Factor Olympics 2018

And the Winner is…

January 2019. Reading Time: 10 Minutes. Author: Nicolas Rabener.


  • 2018 was negative for classic multi-factor portfolios
  • Low Volatility generated the best and Value the worst performance
  • Factor performance was homogenous across global markets


We present the performance of five well-known factors on an annual basis for the last 10 years, including 2018. We only present factors where academic research highlights positive excess returns across market cycles. Other factors like Growth might be widely-followed investment styles, but lack academic support and are therefore excluded (read Factor Olympics Q3 2018).


The factors are created by constructing long-short beta-neutral portfolios of the top and bottom 10% of stocks in the US, Europe and Japan, and 20% in smaller markets. Only stocks with a minimum market capitalisation of $1 billion are included. Portfolios rebalance monthly and transactions incur 10 basis points of costs.
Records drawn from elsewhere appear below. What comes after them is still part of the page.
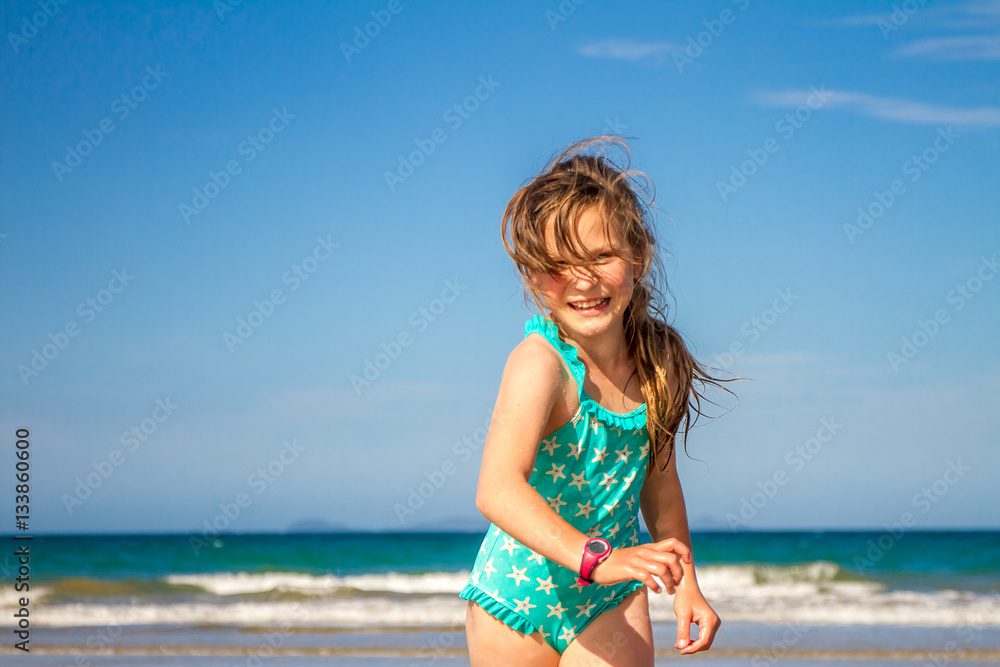 young happy child girl having fun on sand beach, sea background young happy child girl having fun on sand beach, sea background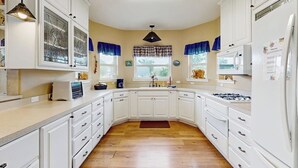 A kitchen with white cabinets, a microwave, a stove, and a refrigerator.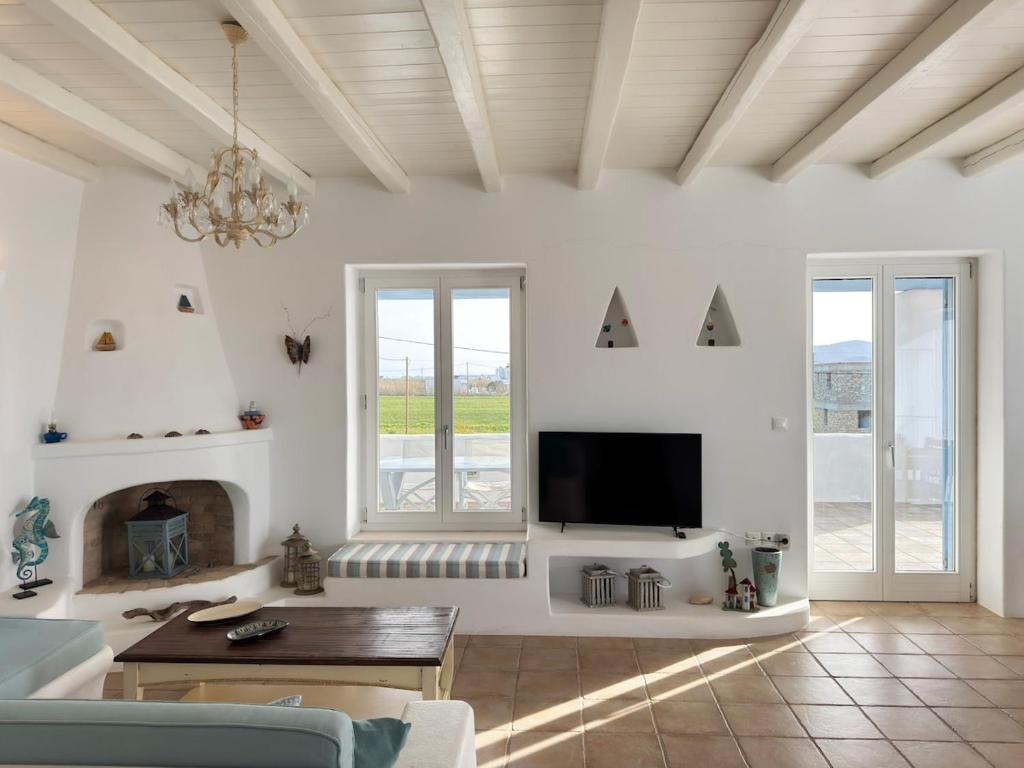 a living room with a tv and a fireplace at Sunny House in Pounda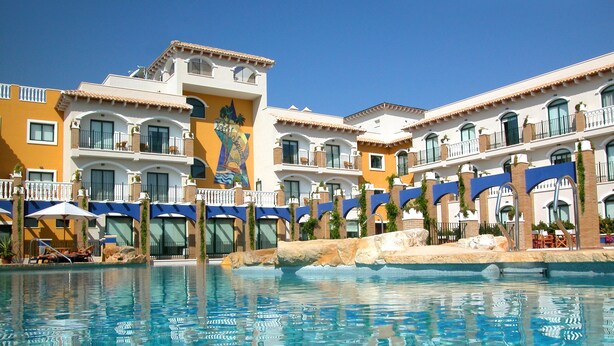 A hotel with a swimming pool, multiple balconies, and a clear blue sky. - Hotel La Laguna Spa And Golf (Rojales)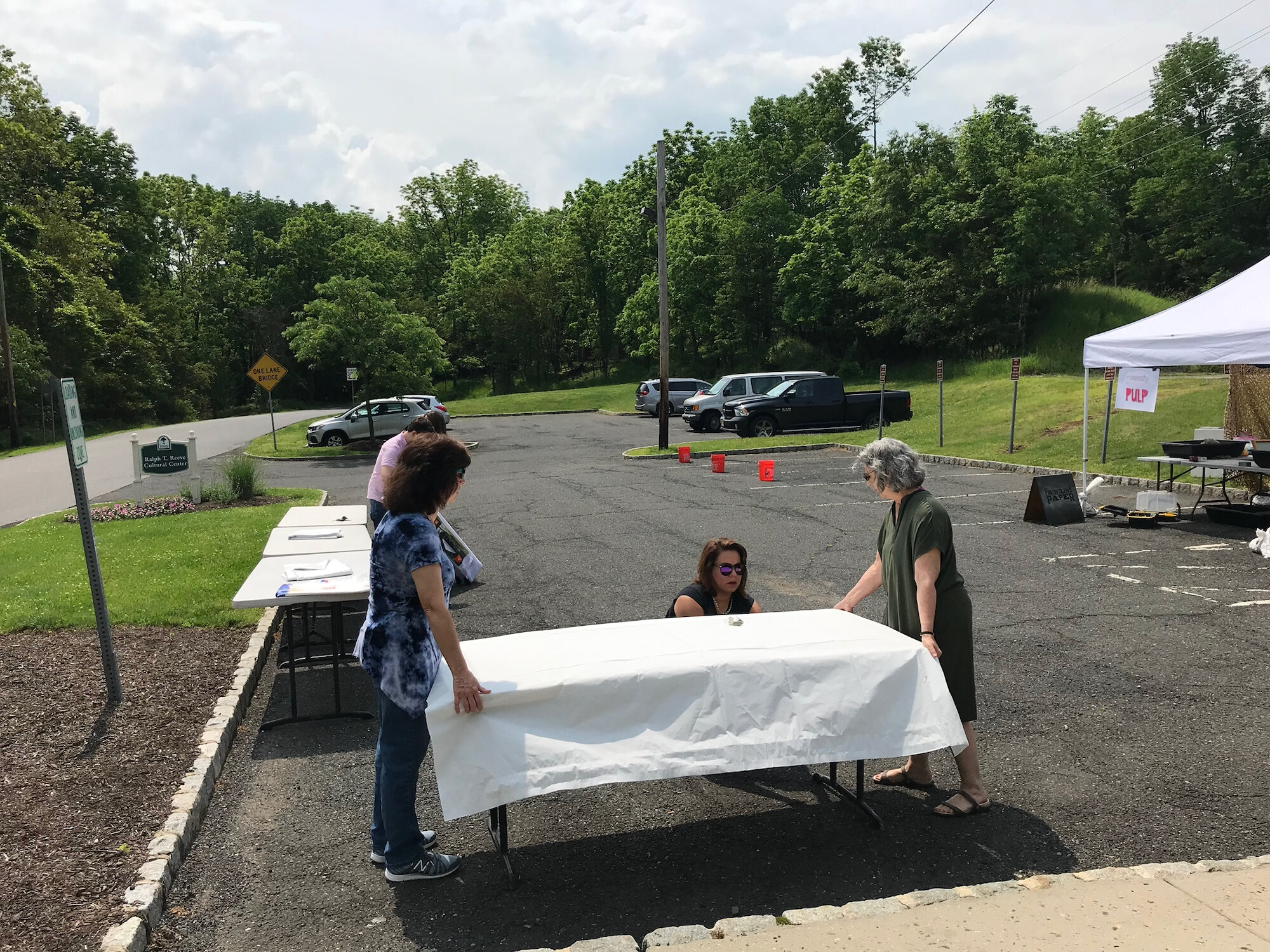setting up tables and tents in parking lot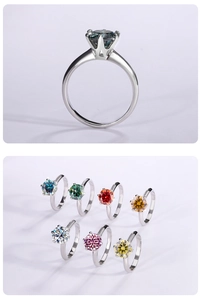 Detailed close-up of colorful round-cut moissanite stones in classic six-prong silver rings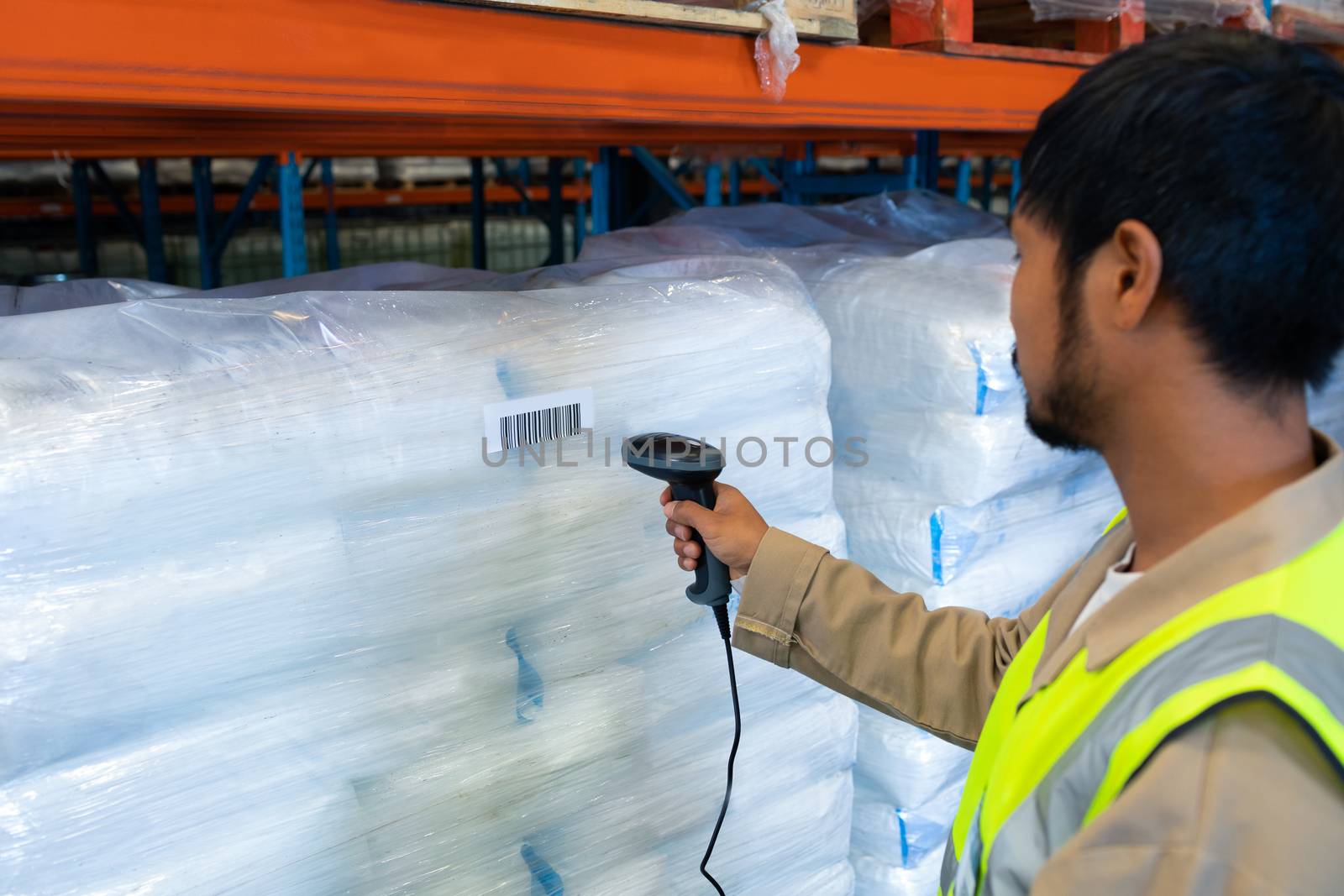 Male worker scanning package with barcode scanner in modern warehouse by Wavebreakmedia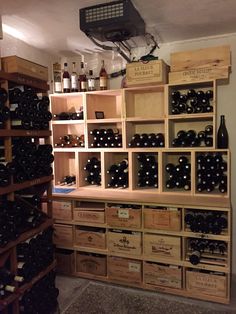 a wine cellar filled with lots of bottles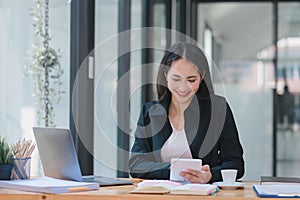 A businesswoman is working at her desk, using a calculator to perform calculations. Finance and accounting concept.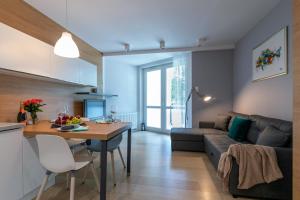 Posezení v ubytování Apartament Muszelka Jantar TriApart + 19 fotografií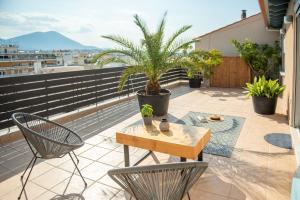 a patio with a table and chairs on a balcony at fragoseco loft! Elegance & Luxury in Chalkida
The table below shows the long-short factor performance for the last 10 years ranked top to bottom. The global series is comprised of all developed markets in Asia, Europe, and the US. Aside from displaying the factor performance, the analysis highlights the significant factor rotation in terms of profitability from one year to the next.

The year 2018 can be characterized as unusual as classic multi-factor portfolios were negative, which happens rarely. Most multi-factor smart beta ETFs or funds feature a combination of Value, Momentum, Quality, and Size. Out of those four factors, only Quality was positive.